◆ **What you should do**: All of the listing is to be written out word for word, with the pictures left out.

** Opening Source material block **

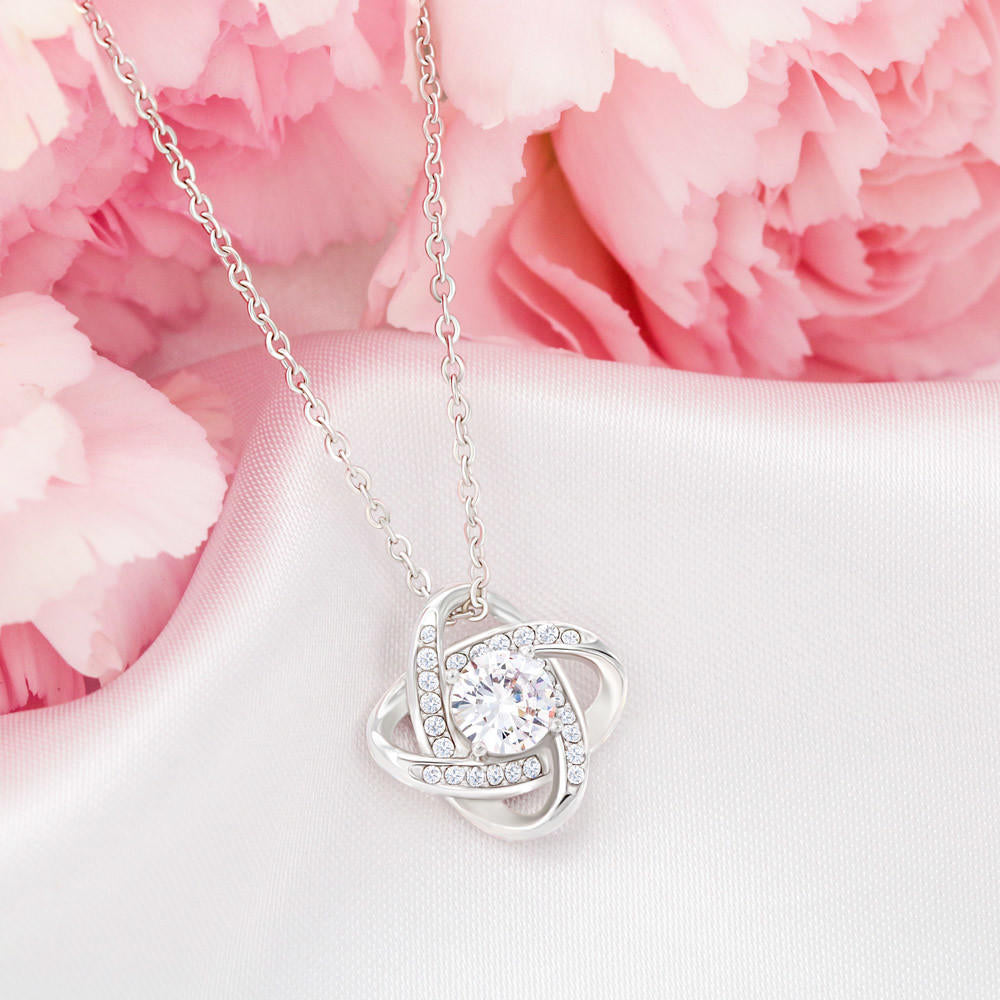 To My Beautiful Mom Gift - Love Knot Necklace, Mother Of The Bride Gift From Daughter, Bride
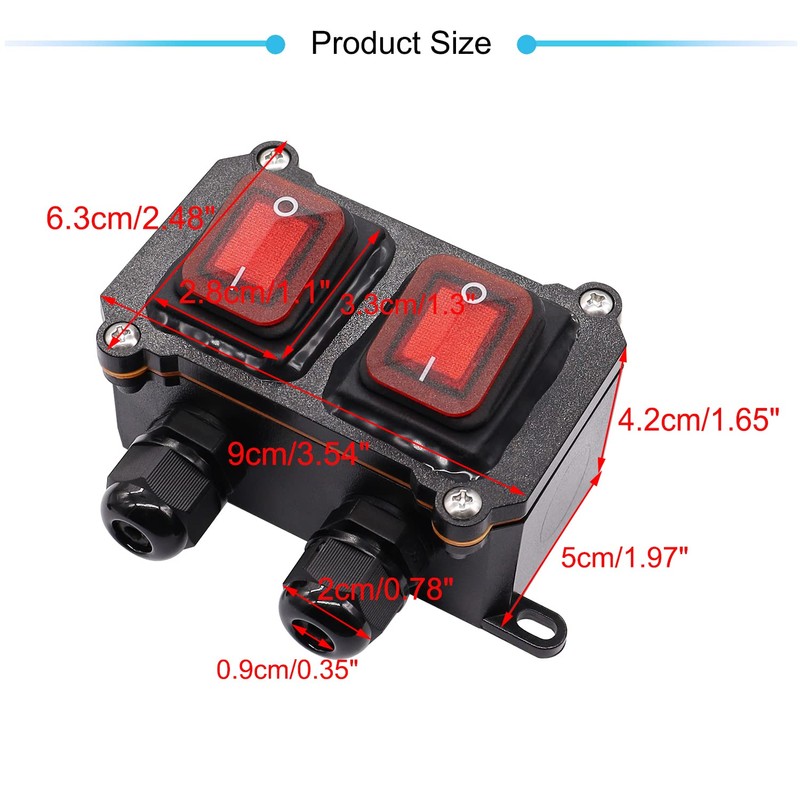Hmknana IP67 Waterproof Inline Cord Switch 12V DC 20A 4Pin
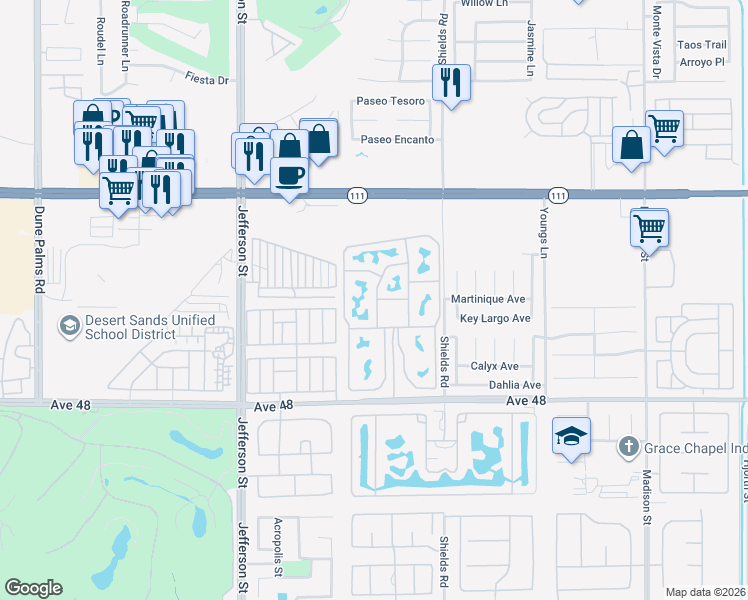 map of restaurants, bars, coffee shops, grocery stores, and more near 80394 Avenue 48 in Indio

** Closing Source material block **

◆ **Problem solution**:
 To My Beautiful Mom Gift - Love Knot Necklace, Mother Of The Bride Gift From Daughter, Bride
Hmknana IP67 Waterproof Inline Cord Switch 12V DC 20A 4Pin
 map of restaurants, bars, coffee shops, grocery stores, and more near 80394 Avenue 48 in Indio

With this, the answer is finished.